One day last week I saw a huge pair of bobs, heavily loaded with coal, being pulled up the street by two big, fine-looking horses. There were two men on the load. Their faces were black, but it was the dirt of honest toil, it was coal dust. They stopped the horses in front of the house directly across the street from me. I watched them with interest. The first thing one of the men did was to get down, take a board, go around to the front of the horses, lift up the heavy wagon tongue, place the board underneath it as a brace that the necks of the horses might be relieved of the strain of the wagon tongue. At the same time the other man took two warm blankets and covered the horses with them, tucking in the corners beneath the harness to make them tight and warm. Then the men set to work to carry the coal, basket by basket, into the cellar. That was kindness, was it not, to see that the horses were so well cared for on a cold winter day!

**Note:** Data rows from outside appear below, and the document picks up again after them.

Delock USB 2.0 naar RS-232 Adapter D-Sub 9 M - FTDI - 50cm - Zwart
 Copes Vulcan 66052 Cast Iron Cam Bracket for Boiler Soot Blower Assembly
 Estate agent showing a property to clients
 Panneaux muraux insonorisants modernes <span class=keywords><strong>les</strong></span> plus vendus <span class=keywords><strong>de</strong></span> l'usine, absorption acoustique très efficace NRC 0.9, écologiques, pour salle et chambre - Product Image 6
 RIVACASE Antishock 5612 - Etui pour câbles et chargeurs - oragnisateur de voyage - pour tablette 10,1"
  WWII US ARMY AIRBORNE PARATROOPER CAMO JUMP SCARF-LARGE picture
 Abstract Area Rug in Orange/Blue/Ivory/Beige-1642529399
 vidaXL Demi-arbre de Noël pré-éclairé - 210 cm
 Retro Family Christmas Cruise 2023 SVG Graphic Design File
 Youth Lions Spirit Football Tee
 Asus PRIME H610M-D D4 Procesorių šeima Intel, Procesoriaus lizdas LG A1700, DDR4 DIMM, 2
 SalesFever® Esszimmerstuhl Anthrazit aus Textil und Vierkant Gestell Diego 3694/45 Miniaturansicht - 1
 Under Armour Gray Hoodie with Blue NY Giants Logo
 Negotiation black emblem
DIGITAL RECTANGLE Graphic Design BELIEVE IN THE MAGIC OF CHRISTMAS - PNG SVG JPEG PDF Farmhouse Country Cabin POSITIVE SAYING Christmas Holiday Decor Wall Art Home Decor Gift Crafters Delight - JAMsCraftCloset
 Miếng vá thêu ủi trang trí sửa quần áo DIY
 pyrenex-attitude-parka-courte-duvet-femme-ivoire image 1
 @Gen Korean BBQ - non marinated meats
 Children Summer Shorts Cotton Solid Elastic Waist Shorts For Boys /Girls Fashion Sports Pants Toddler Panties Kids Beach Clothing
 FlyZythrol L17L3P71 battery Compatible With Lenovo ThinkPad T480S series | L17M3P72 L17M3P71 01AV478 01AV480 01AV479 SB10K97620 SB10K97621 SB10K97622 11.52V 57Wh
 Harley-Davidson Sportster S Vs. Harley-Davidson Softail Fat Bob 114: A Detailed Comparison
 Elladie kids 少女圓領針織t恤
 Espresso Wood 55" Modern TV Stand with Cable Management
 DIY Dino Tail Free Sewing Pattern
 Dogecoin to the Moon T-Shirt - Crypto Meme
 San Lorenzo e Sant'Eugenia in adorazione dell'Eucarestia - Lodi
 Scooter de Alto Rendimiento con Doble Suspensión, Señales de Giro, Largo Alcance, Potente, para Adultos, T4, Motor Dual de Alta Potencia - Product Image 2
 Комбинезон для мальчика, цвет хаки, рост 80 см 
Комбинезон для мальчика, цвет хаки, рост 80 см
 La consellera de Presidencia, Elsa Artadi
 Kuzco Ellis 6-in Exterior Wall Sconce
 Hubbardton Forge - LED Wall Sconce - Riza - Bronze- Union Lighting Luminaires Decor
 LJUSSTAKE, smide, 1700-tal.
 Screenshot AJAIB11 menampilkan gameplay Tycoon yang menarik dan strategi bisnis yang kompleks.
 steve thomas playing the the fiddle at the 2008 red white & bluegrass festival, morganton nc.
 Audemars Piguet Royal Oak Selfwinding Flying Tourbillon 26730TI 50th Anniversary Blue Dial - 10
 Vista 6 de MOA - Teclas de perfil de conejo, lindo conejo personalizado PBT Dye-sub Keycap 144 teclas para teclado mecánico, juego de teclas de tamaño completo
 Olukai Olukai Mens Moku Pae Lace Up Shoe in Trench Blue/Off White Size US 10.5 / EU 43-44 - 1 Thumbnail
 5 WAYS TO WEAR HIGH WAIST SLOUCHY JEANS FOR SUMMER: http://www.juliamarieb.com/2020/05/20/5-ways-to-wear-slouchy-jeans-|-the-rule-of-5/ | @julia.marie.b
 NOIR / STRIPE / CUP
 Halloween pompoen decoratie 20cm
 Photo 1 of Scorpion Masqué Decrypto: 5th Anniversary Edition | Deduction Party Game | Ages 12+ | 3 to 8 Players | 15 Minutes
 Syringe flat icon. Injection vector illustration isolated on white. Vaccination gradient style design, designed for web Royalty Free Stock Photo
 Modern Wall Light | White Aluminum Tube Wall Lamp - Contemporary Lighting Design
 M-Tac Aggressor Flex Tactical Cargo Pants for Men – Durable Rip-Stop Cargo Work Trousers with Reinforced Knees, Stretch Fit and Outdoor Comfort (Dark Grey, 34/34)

To my mind one of the finest acts of our city government is the way we are taught kindness to dumb animals and birds, by permitting them to make their homes and nests in the public park. What a delight it is to walk through the park and have the squirrels come running up so close, to eat from one’s hand! That is kindness.
How about kindness to people? Have you ever seen an older person walking along the street with a little child of three or four years of age, the child reaching up as far as he could to take the hand of the older person, the older one jerking, pulling, yanking, all the while saying, “Come now, hurry up, hurry up.” That is not kindness, is it?
“Howe’er it be,
it seems to me
’Tis only
noble to be good;
Kind hearts are more than
coronets,
And simple faith
than Norman blood.”
Memory verse, Ephesians 4: 32
“Be ye kind to one another.”
Memory hymn [554]
"How sweet, how heavenly is the sight!"
GOD’S CALL
God calls each one of you. He asks you to give your life to him. He has a special work for you to do. You have heard of Wendell Phillips who did so much to make slavery unlawful in America! Once, when Wendell was a boy fourteen years of age, he heard Lyman Beecher preach. In the course of his sermon the preacher said, “You belong to God.” The boy Wendell thought that the preacher looked straight at him when he said that. He went to his home at the close of the service, climbed the stairs to his room, shut the door, knelt in prayer, saying, “O God, I belong to thee, take what is thine own.” He heard and answered God’s call.